None of the four overdoses proved fatal but all required life-saving measures.
The Grand Forks police announcement certainly was an odd circumstance, but maybe one that saved a life. And so it goes as the epidemic continues.
That's why we were pleased when President Trump announced earlier this month that the opioid crisis in America has become — in his words — a "national emergency" and "a serious problem the likes of which we have never had."
Just one problem: The urgency Trump created hasn't yet been followed by much action. His statement was just that — a statement — and nothing official.
The president did declare this week, Sept. 17-23, as Drug Prescription Opioid and Heroin Epidemic Awareness Week. In the declaration, he noted that some 64,000 Americans died last year because of drug use. It also noted that nearly 100 Americans die each day from opioid overdoses.
That proclamation is a good start, although it mirrors a proclamation by Barack Obama a year ago. It's not new, it's not innovative and it doesn't portray the urgency needed to combat the crisis we all know exists. It is a gesture, but not a bold fight. At least so far.

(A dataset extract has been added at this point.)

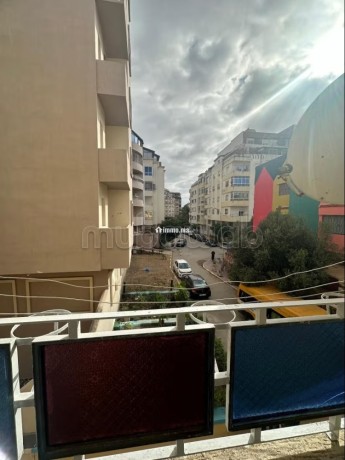 location-dun-appartement-a-moujahidine-2-pieces-confortables-antenne-parabolique-et-securite-big-11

We anxiously await a more dramatic effort, and one that's aimed specifically at curbing opioid abuse in America and, specifically, in Minnesota and North Dakota. Declaring an official national emergency could allow for more federal dollars to flow in to states that are being ravaged by this new, sad trend.
On Aug. 10, the president was firm with his stance against the opioid crisis.
"I'm saying officially right now it is an emergency," he said. "It's a national emergency."
He also said he was working on a plan to make an official declaration. Of course, other crises have arisen in the form of nuclear threats from North Korea and weather disasters in the South. The president has a lot on his plate.
Yet the opioid crisis continues. And it's so bad that law-enforcement agencies are resorting to campaigns to warn drug users about potentially bad batches of the deadly stuff.
It's time for a real national emergency declaration.